But Mr. Range has other motives. He wants to make money, which he does by making a stink. (In its small way, this column helps him.) Senator Hillary Clinton nailed this motive: “I think it’s absolutely outrageous that anyone would even attempt to profit from such a horrible scenario. It really makes me sick.” And how can we avoid concluding that Mr. Range doesn’t think the scenario is so horrible? Senator Clinton and every other Democrat want Mr. Bush weakened; that’s politics. But beyond weakness, many want him impeached, and beyond impeachment, some dream of him dead.

Let me tell you where you are going. I have been there—not so far as you, but in the neighborhood. We know the thoughts that come to us before sleep; we also know the hopped-up pseudo-wakefulness of the white screen and the comments box. Let me disclose the gifts reserved for rage to set a crown upon your nighttime efforts.

Eight years ago, President Bill Clinton was impeached for lying to a special prosecutor.
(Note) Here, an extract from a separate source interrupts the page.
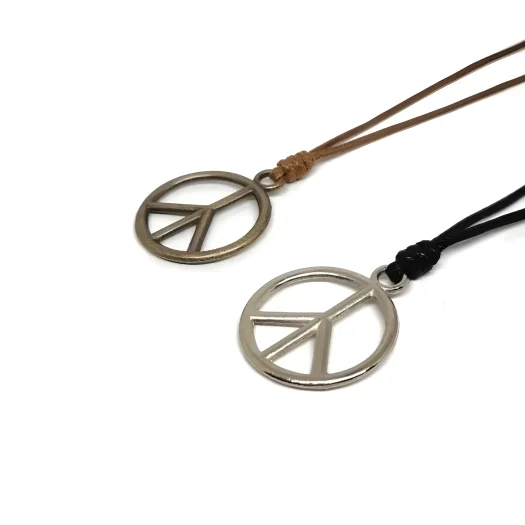 Premium Leather Cord Necklace With Peace Symbol Pendant For Men And Women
The special-prosecutor statute should not have been renewed, and the sexual harassment suit, brought by Paula Jones, which gave rise to the investigation, should have been dropped. These were the views of National Review pre-storm. But fortune decreed otherwise, and the storm broke. See what that storm did—what all storms do.

You sink in a mass of conspiracy theories. What was being flown into Mena Airport in southwest Arkansas, and under whose auspices? Didn’t eyewitnesses give contradictory accounts of the wounds on the body of Vincent Foster? In the Clinton years, I reviewed two rug-chewing books that raised these questions; grave journalist, I reported the existence of the controversies. But “controversies” like these stretch back to the grassy knoll, and forward to 9/11. Let them lie in the Fresh Kills landfill where they were dug up.

Crazed thoughts bring dubious associates in their train. I remember early in the Clinton years calling someone who supposedly had information on Whitewater (remember that?). In the course of the conversation, he used a memorable phrase: “You could push the story if you looked at …. ” Huh? I’m trying to decide if there is a story. If you know the story, tell me what it is, or write it yourself; don’t play me like a trout. I never spoke to him again. He, and many other he’s, however, played a lot of us like trout, and the rest of us, grave journalists, wrote about the controversies stirred up by their reports.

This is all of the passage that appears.